Já o juiz de Direito convocado Rinaldo Kennedy Silva, em seu voto, enfatizou os efeitos danosos do “mercado negro” de peças sacras, estimulado pela falta de segurança das igrejas e dos templos religiosos. Ele lembrou que “o extravio em massa ocorrido no país viola frontalmente princípios próprios do patrimônio cultural, em especial o da fruição coletiva e o da conservação in situ, o qual também é denominado da vinculação dos bens culturais a seus locais de origem”.

O desembargador Marcelo Rodrigues, por sua vez, citou, ao votar análise técnica do especialista Guilherme Ataídes, segundo o qual, o busto integra um conjunto, em que “cada Santo Doutor tem local específico na banqueta como demonstração da controvérsia ideológica fundamental entre as duas Ordens Franciscanas, uma, conformando a doutrina evangélica às teses dos filósofos gregos, sob o prisma da vontade sobre a razão (São Boaventura e Venerável John Duns Scott); outra, pautada na primazia da razão sobre a vontade (Santo Tomás de Aquino e Santo Antônio de Pádua)”.

A obra já estava em Ouro Preto desde 2014, quando o TJMG concedeu tutela antecipada em um agravo de instrumento para que a escultura fosse mantida na cidade até o julgamento final da ação.

Os recursos foram acompanhados, na 2ª instância, pelos procuradores de Justiça Gisela Potério Santos Saldanha e Antônio Sérgio Rocha de Paula, da Procuradoria de Direitos Difusos e Coletivos, os quais contaram com a atuação conjunta do promotor de Justiça Domingos Ventura de Miranda Júnior na elaboração e entrega dos memoriais.

Conjunto de bustos relicários

Segundo o arquiteto e urbanista Ismar Ataídes, em manifestação no dossiê de tombamento, para se entender a precisão dos detalhes nas quatro figuras em série, é necessário imaginar os bustos colocados lado a lado, sendo, da esquerda para a direita, São Boaventura, Venerável Duns Scot, Santo Antônio e Santo Tomás de Aquino.

Verifica-se então:

1°) São Boaventura olha para a direita, enquanto Santo Tomás de Aquino olha para a esquerda; com isso, “divergem”;

2°) os dois santos centrais olham para a frente;

3°) o Venerável Duns Scot é sério e triste; Santo Antônio tem o rosto alegre e quase sorridente; a tradição católica atribui-lhe grande bondade;

4°) Dois dos Franciscanos (São Boaventura e Venerável Duns Scot) têm barbas, os outros dois (Santo Tomas de Aquino e Santo Antônio de Pádua) são glabros;

5°) Santo Tomás de Aquino, espelhando a realidade, é figurado como obeso, rosto cheio e duas papadas (barbela).
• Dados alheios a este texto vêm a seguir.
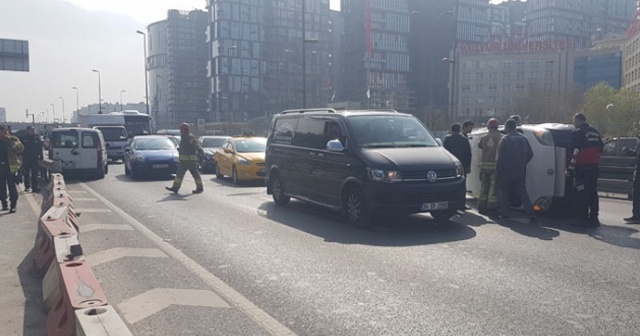 Bariyerlere çarpan araç takla attı, E-5’te trafik durma noktasına geldi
Também os topetes são diferentes em cada um dos santos.

“Esses Santos Doutores foram o centro da controvérsia ideológica fundamental das duas Ordens: a conformação da doutrina evangélica às teses dos filósofos gregos, sob o prisma da vontade sobre a razão (São Boaventura e Venerável John Duns Scot) ou da razão sobre a vontade (Santo Tomás de Aquino e Santo Antônio de Pádua).